You see OCS referred to often in literature and entertainment, but almost always in the context of a successful combat officer whose exploits on the battlefield takes center stage and usually just referring to his having been to OCS. Hoffman takes you inside OCS and shows what it is like for those who don’t make the cut and have to return to enlisted life. Also books and movies almost never depict life stateside, rather opting for the more colorful scenes from the war front. One reason being that it takes an exceptionally gifted writer to make the mundane interesting. William Hoffman was exactly that kind of writer.

“Yancey’s War” is told from the perspective of its narrator, Charles Elgar. Besides the war itself, the prime driver of this story is the love-hate relationship between the narrator and Marvin Yancey. Charley – as he is called by Yancey – first encounters Yancey in boot camp. Everybody knows a Yancey and odds are if you don’t then you likely are a Yancey. Yancey is the kind of person for whom even disaster and failure ends up gold-plated. He is short, fat and well past enlistment age. He’s pulled strings and paid bribes to get into the army. He can’t successfully run the obstacle course and by all rights should have been packed up and shipped home. There’s one problem, Yancey is a war hero having won the Distinguished Service Medal in the first world war. Charley will learn that Yancey didn’t deserve the award, having won it for an act of cowardice that was misinterpreted as heroic. As a result Yancey has his way paid through college – by grateful parents of a war buddy – and stumbles into a business partnership he capitalizes on and even a marriage to a trophy wife. Now Yancey sees this war as his last chance at redemption and will stop at nothing to achieve it. As a result the loud and obnoxious Yancey is universally hated by all except for the senior officers he successfully brown-noses.

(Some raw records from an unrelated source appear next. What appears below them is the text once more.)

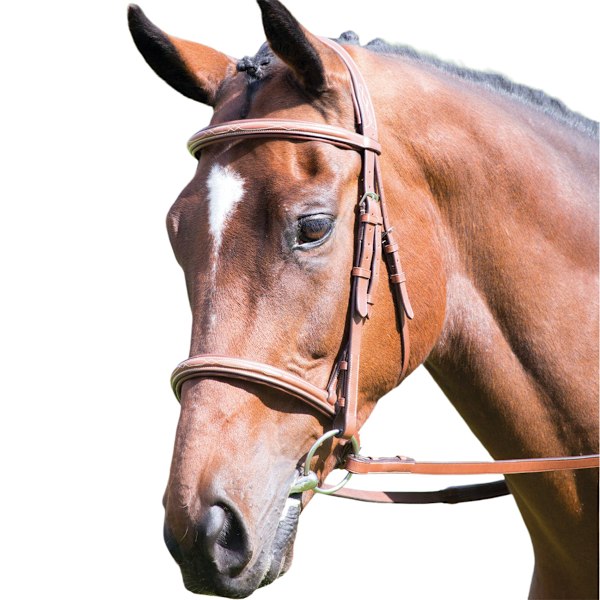 Avignon Läder Häst Cavesson Bridle Cob Ek Brun Oak Brown Cob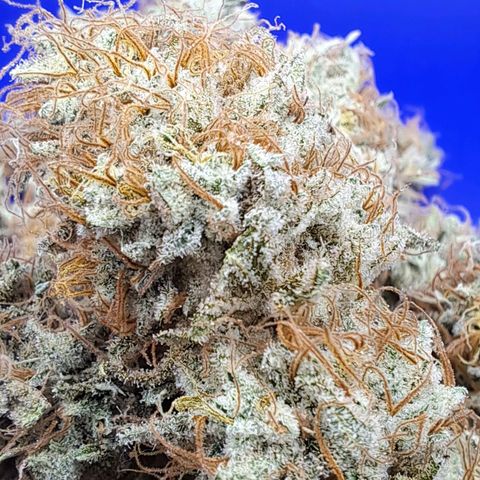 Shishkaberry  growlog timeline photo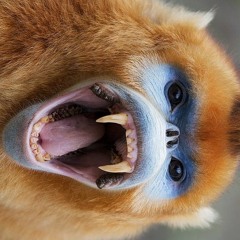 Knobs - Golden Ratio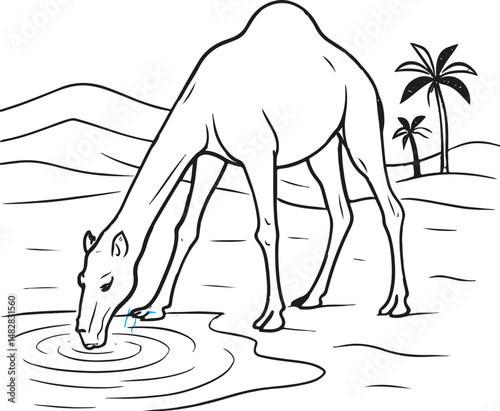 Camel Drinking Water in Desert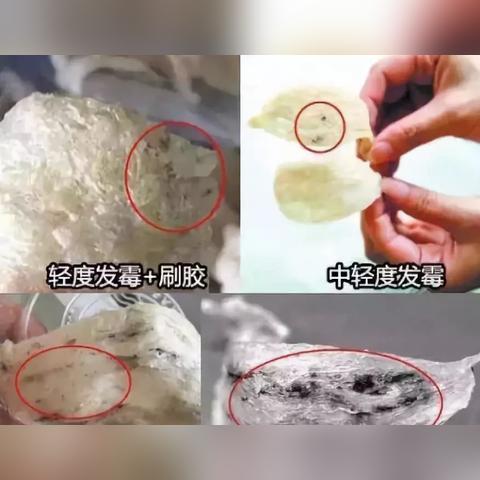 揭秘：燕窝表面出现斑点的原因探究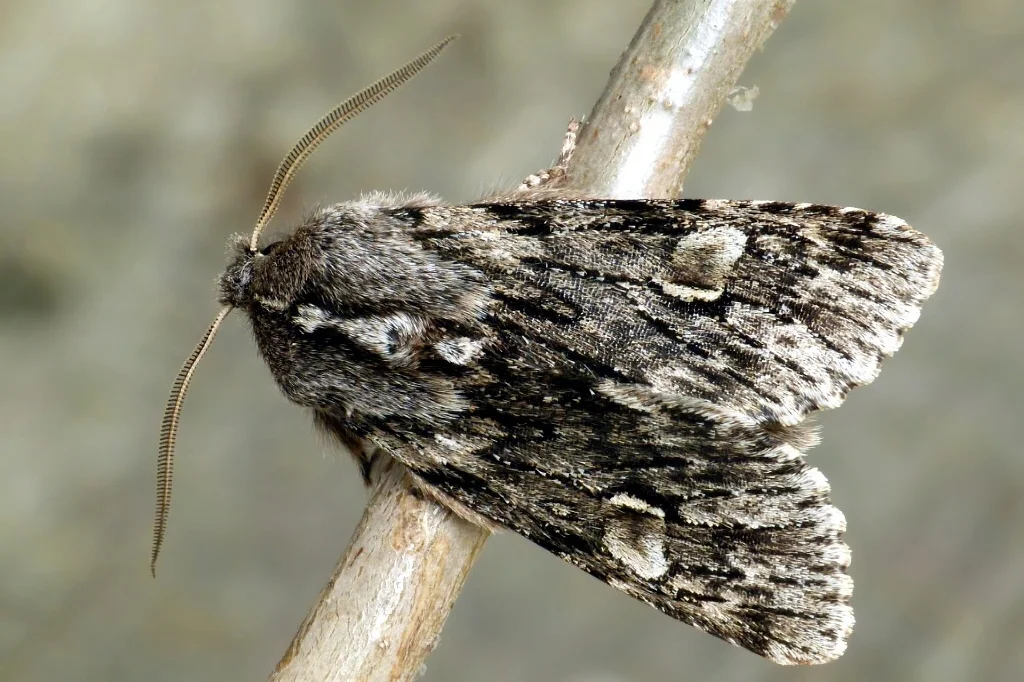 Brachionycha nubeculosa imago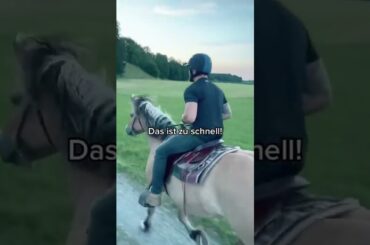 Typisch Nichtreiter, oder? 😂 #riding #reitsport #reiten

In the course of the war, the characters are never assigned a combat role, but will eventually be forced to fight for their lives because of an officer who can’t successfully read a map. The gripping final sequence leaves you wondering just what you would do if presented with the same set of circumstances. Now that I have discovered William Hoffman, I am sure this will not be the last of his books I will read.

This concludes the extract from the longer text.